Стиль путевых записок в «Герое нашего времени» богат экспрессивными красками, которые по-разному чередуются и смешиваются в повести о Бэле и в очерке «Максим Максимыч».

В очерке «Максим Максимыч» резко изменяется экспрессивное освещение образов Максима Максимыча и Печорина. Они рисуются с новой, объективной («авторской») точки зрения. Понимание их взаимоотношений, внушаемое рассказом Максима Максимыча, разрушается. Новые формы их сюжетного взаимодействия дают возможность чрезвычайно эффектно оттенить трогательную фигуру штабс-капитана.

Максим Максимыч в «Бэле» почти не действует; он только обнаруживает свое тонкое знание кавказских нравов и «рассказывает об себе все, что было занимательного». Автором лишь набросан бегло его внешний портрет49 и отмечены его жесты, лишенные индивидуального своеобразия, но являющиеся типическими приметами русского «кавказца»:

«Он молча отвечал мне на поклон и пустил огромный клуб дыма» (187); ср.: «он набил трубку, затянулся и начал рассказывать» (191); «Тут он начал щипать левый ус, повесил голову и призадумался» (190).
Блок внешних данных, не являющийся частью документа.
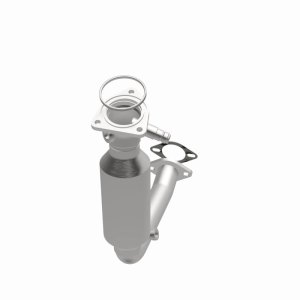 Ford Focus Catalytic Converter - Magnaflow - Direct Fit - `02-`04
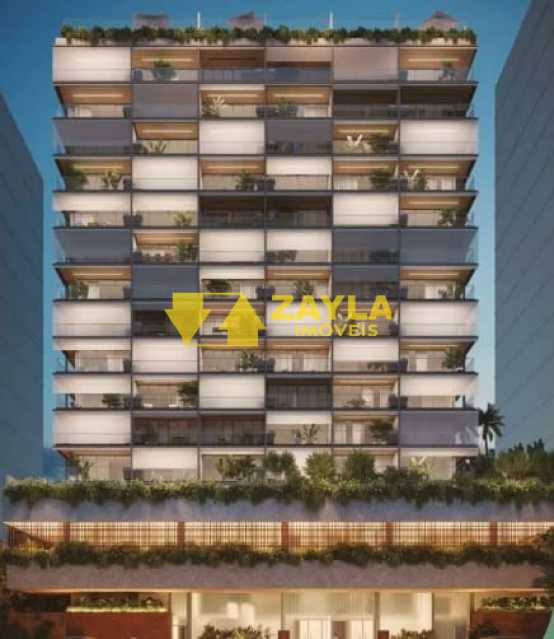 Conheça 11 do imóvel - Apartamento 1 quarto Varanda Vaga de garagem à venda em Ipanema - Rio de Janeiro, RJ - AP02271 - 11 11 - 11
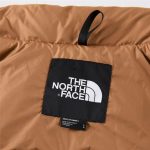 The North Face 1996 Eco Nuptse 600 Jacket - Image 9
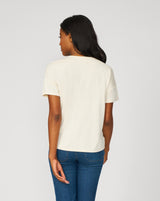 Soft Modal Pocket Tee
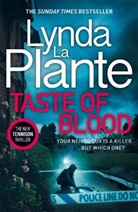 Lynda La Plante, Lynda La Plante - Taste of Blood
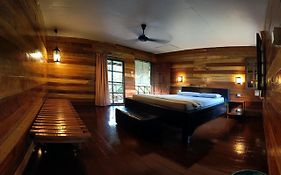 The Last Frontier Boutique Resort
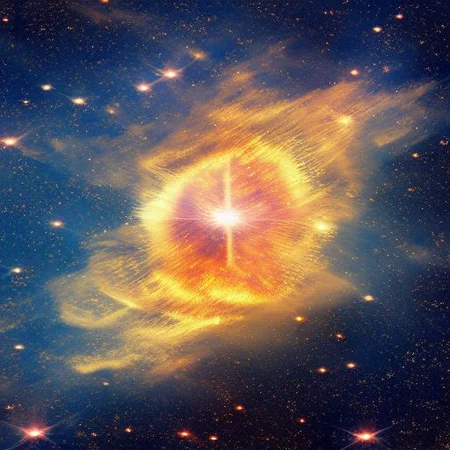 nebula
Ср. в «Кавказце»: «Когда новичок покупает оружие или лошадь у его приятеля узденя, он только исподтишка улыбается» (323—324).

В очерке «Максим Максимыч» штабс-капитан, наоборот, ничего не рассказывает. Как рассказчик он был уже исчерпан («Мы молчали. Об чем было нам говорить?.. Он уже рассказал мне об себе все, что было занимательного, а мне было нечего рассказывать»). Он делается лишь объектом авторского повествования и изображения. Его манера поведения, его позы, движения получают индивидуальный отпечаток. Автор утрачивает тон почтительного уважения к его спокойной опытности и впадает в тон иронического сочувствия и даже фамильярной жалости к смешному старику. Легко проследить на примерах это изменение повествовательной экспрессии. Напр.:

«Он не церемонился, даже ударил меня по плечу и скривил рот на-манер улыбки. Такой чудак...» (220).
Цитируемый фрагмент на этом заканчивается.